Cündioğlu’nun muhayyileyi tamamlanmamış akletme olarak görmesi ve inancı da insani olarak değerlendirmesi tabii ki mantıklıdır. Onun; “akıl gelişmiş muhayyiledir, muhayyile gelişmemiş akıldır” demesi de buna işaret eder. Din dili, zaten, bu yüzden kuşatıcıdır ve bize göre sadece imgesel, tahayyüle dayalı değil aynı zamanda aklîdir de. Bu, aslında İslam filozoflarının temel görüşüdür. Ama şu bir gerçektir ki, çoğunluğun bu tabiatta olması ideal olan akletmenin, teemmül ve tefekkürün hakikiliğini engellemez. Üstelik teemmül ve tefekkürde de her zaman muhayyilenin payı zaten vardır. Bu açıdan, toplumsal yapıyı mümkün olduğu kadar akletmeye yaklaştırmak gereklidir. Hatta filozoflar ve sufiler, ilginçtir, tıpkı Kur’an gibi, soyut aklî gerçekleri ifade etmek için insanların tahayyül güçlerini kullanırlar. Hatta bu, insanları yönetmek için yöneticinin çok önemli bir yeteneği olarak Farabi tarafından zikredilir. Bu metot, Kur’an’ın da metodudur. Bir taraftan çoğunluğun muhayyile gücüne neredeyse somut bir Tanrı kavramını işleyen Kur’an, diğer taraftan da Allah’ın evrene nasıl nüfuz ettiğine yer vererek insanların muhayyile güçlerini yükselterek akletmeye doğru yaklaştırır. Dolayısıyla akletmek, dinin gerçek hedefidir. Duyular, tahayyül ve vehim, akletmenin yardımcılarıdır. Tahayyül gücü insani olsa da aynı güç ve vehim gücü, hayvanlarda da vardır. Onun için insanın esas olarak yorumlaması, düşünmesi, vahiy alması, ilhamı hep akıl gücü temellidir. Filozoflarımızın vahyin temeline saf muhayyileyi koymasının en önemli sebebi, vahiy sürecine Peygamberin herhangi bir müdahalesi olmadığını ispat etmek ve aynı zamanda da insanın bütün bilgi kazanımlarının aslında metafizik tabiatlı olduğunu göstermek içindir. Filozoflar, bu yüzden Peygamberin vahiy dışında alığı ilhamı farklı statüde, yani tamamen insani karakterde değerlendirmektedir. Biz bununla, yani dinin esas olarak muhayyileyi de içine alan akıl temelli olmasını, aynı zamanda, insanlığın toplumsal ve akli evrimi ile de bağlantılı görmekteyiz. Bize göre, insanlığın aklî evrimi ile peygamberliğin bitmesi arasında doğrusal bir ilişki vardır ve bu da göstermektedir ki, tahayyülü dışlamadan aklî temellendirme din için kaçınılmazdır.

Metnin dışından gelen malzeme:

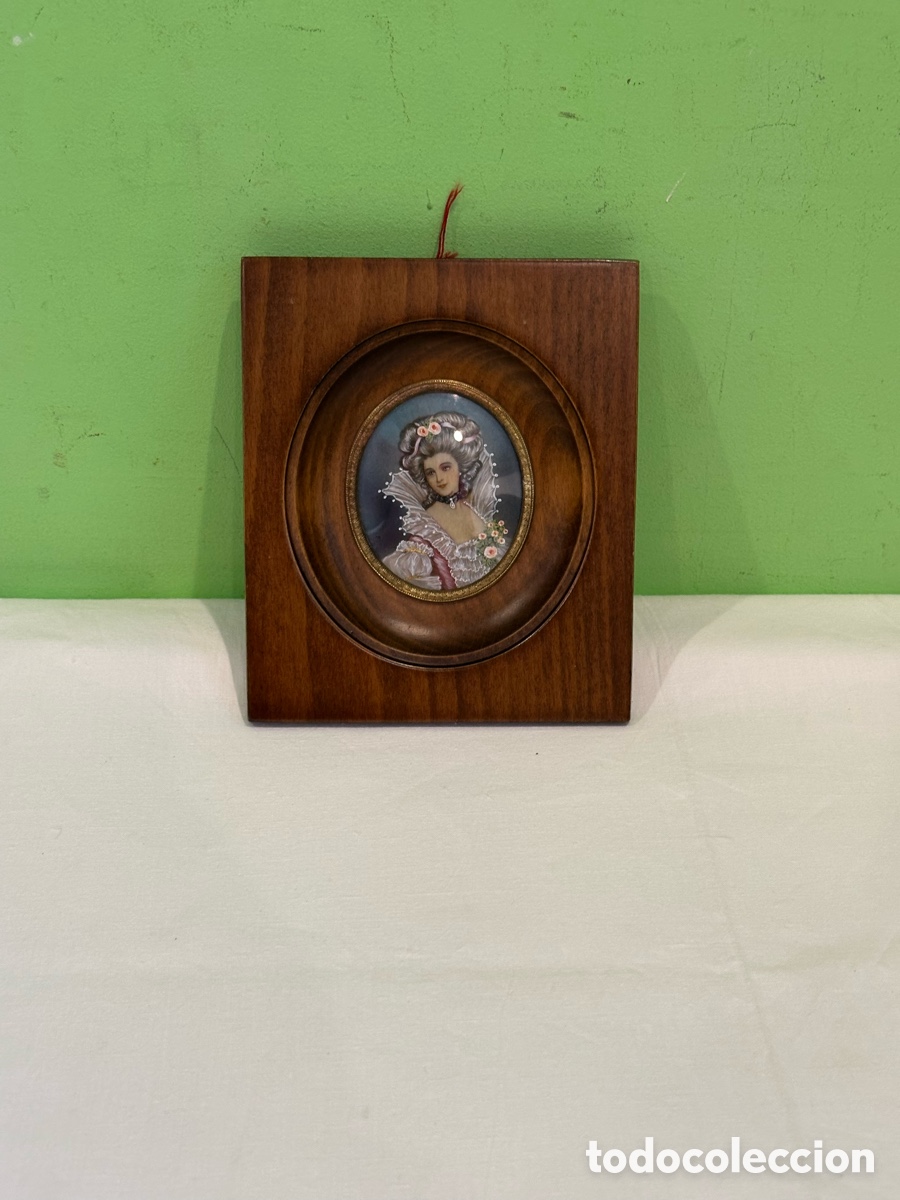 Arte: &Oacute;leo en miniatura sobre marfil firmado - Retrato femenino S. XIX - Marco de marfil Bajo cristal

Cündioğlu, konuşmasının bir yerinde dinde çelişki aranmaz demektedir, doğrudur ama aranmaması dinin çelişki içerdiğini veya çelişkili görünen şeylere olduğu gibi inanılması gerektiğini göstermez, çünkü gerçekte dinde de vahiyde de çelişki olmaz. Önemli olan tahayyül gücünü akla yaklaştırmak ve mümkün olduğu kadar çelişkisiz bir dini inanca sahip olmaktır. Ayrıca onun, “bilim bütünü kuramaz, din kurar” demesi de bize göre tam olarak doğru değildir. Çünkü bilimin içerisinde de hayal gücü zaten yer alır. Bilim ne kadar analitik olsa da, illaki dinin hakikatiyle çatışması ve bütünü dışlaması ve parçayı esas alması gerekmez. İnsan muhayyilesini dışlamayan bir bilimsel yaklaşım her zaman mümkündür ve tarihte de bu, en azından bir dönem bizzat İslam filozoflarınca gerçekleştirilmiştir. Üstelik, dinin kurduğunu söylediği bütünlükçü yapı da sadece görüntüde bütünlükçü gibidir. Gerçekte inananlar, çözemedikleri hususları, çözüyormuş gibi, bütüne dâhil eder. Yine Cündioğlu’nun, aynı çerçevede, “muhayyile doyar ama us doymaz” demesi de kanaatimizce doğru değildir. Her ikisi de doymaz, hatta duyular da doymaz tabiatları müsait değildir, çünkü doyabilmeleri için mutlak hakikate erişmeleri gerekir ki, bu imkânsızdır. Ayrıca bunun insanda fıtri olarak mevcut olan ebedilik duygusuyla da alakası vardır.
Son olarak, Cündioğlu’nun, Kelamcıların irade sahibi olma ve tercih yapma sıfatını Tanrı’ya layık görmedikleri ifadesi doğru değildir, bunu söyleyen İslam filozoflarıdır. Kelamcılara göre Tanrı, her ne kadar insanın seçmesi (tercihi) gibi olmasa da, evrenin varlığını yokluğuna tercih eden “kadir-i muhtar” iken filozoflarımız açısından kadir-i mutlaktır, yani Tanrı varsa her şey vardır, zorunlu olarak yaratılmıştır.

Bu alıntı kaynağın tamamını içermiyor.